Feel the need to do a parenting class?  Don't sit around hoping that adult ministry will lead this.  Yes.  Connect with them and work on partnering with them for this, but understand that the family ministry should be the driving force for this to happen. 

Want to strengthen the marriages of the parents in your ministry?  Stop waiting around for adult ministry to initiate this and proactively lead a marriage seminar, class, retreat, etc. 

I believe many leaders see family ministry like this - I'll give parents weekend lesson follow up tools and as adult ministers, you train parents how to lead their children spiritually and have solid marriages.  

But the truth is...this often doesn't happen.  Why?  Because we have not taken the initiative of locking arms with adult ministry as well.  

When was the last time your church had a parenting emphasis?  What can you do about that?

When was the last time your church taught parents how to have a healthy marriage?  How can you help emphasize how important this is to the spiritual health of their children?

Bottom line is this - I believe that we must shift our thinking and start leading the discipleship of parents in the areas of marriage and parenting.

Do you agree?  Disagree?  Have more thoughts about this? Would love to see your thoughts and ideas in the comment section below.

Sep 22, 2021

What Your Volunteers Want More Than Anything

What do people want when they sign up to serve?  What do they hope to accomplish?  What do they want in return? 

It's obviously not money.  It's also not about prestige.  It's not recognition.  It's not honor.  It's not power.  

When people sign up to serve, more than anything else, they want to know that they are making a difference in the lives of people.  

Volunteers serve for the income. They serve for the outcome.

People volunteer because they want to know that their service is helping people come to Christ and helping people to grow in their faith.   

As a leader of volunteers, it is important that you consistently show people that they are making a difference.  

Tell them the stories about life change.  

Tell them the stories about the impact they are making.  

Tell them the stories about how God is using them. 

And this also relates to helping people seize the opportunity to be on your volunteer team.  Cast vision about what God can do through their life and service. Cast vision about the spiritual growth they will experience through serving.  

When a volunteer experiences God working through their life to influence others, it is an amazing feeling.  It ignites a fire in their heart to keep serving.  It also brings joy, fulfillment and adds fire to their passion to help others experience the love of Christ. 

Implement these steps into your ministry.
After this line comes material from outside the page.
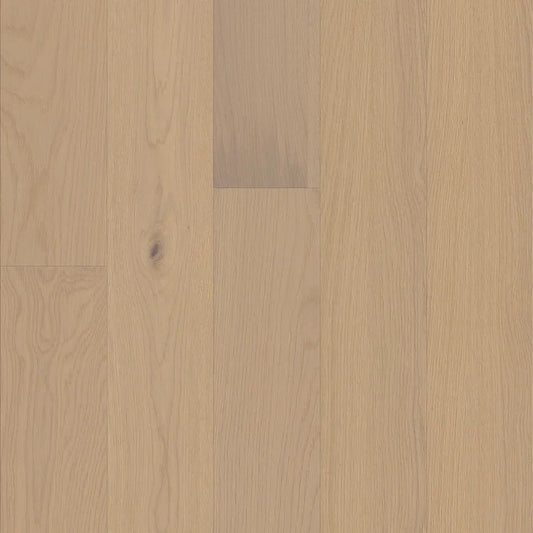 Shaw Repel Liberty Oak Engineered Hardwood Flooring - Anthem 7" - GreenFlooringSupply.com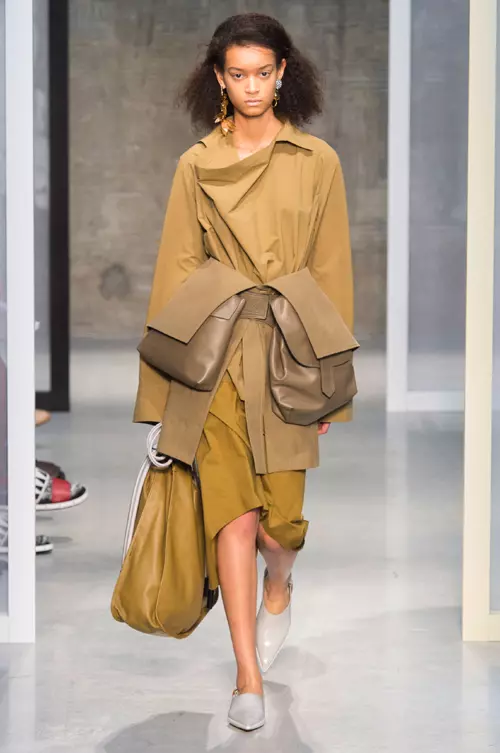 Marni colectia primavara - vara 2017 (20)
Cast vision about how God can use potential volunteers to make an impact when they start serving.

Tell the stories of the difference volunteers are making. Capture these on video or share them in person.

Keep pointing people to the "why" they are serving. 

This morning, I was thinking about a time when I wanted to honor and encourage the volunteers in our children's ministry.  I had a banquet for them with food, a gift and verbal confirmation of how God was using them to reach kids and families. 

A few weeks before the banquet, I had contacted about 15 families and asked if their child could come and help encourage the volunteers.  We had the kids hide in one of the rooms until the end of the banquet.  I started playing the song "Thank You for Giving to the Lord."  As the music was playing, the kids started coming in and telling the volunteers "thank you for serving and making a difference in my life."  I know it may sound "cheesy" to do this, but there was not a dry eye in the house.  

The volunteers were inspired and encouraged.  Why?  Because they could physically see the difference they were making.  It was what they longed for and that night they saw it.  

Few questions to think about as we wrap this up:

How often do you tell your volunteers "thank you for serving and making a difference?"

Do you consistently cast vision for what God can do through the lives of those who volunteer?

Do you show your volunteers how they are making an impact?

Volunteers who see and know the difference they are making will continue to volunteer for the long haul.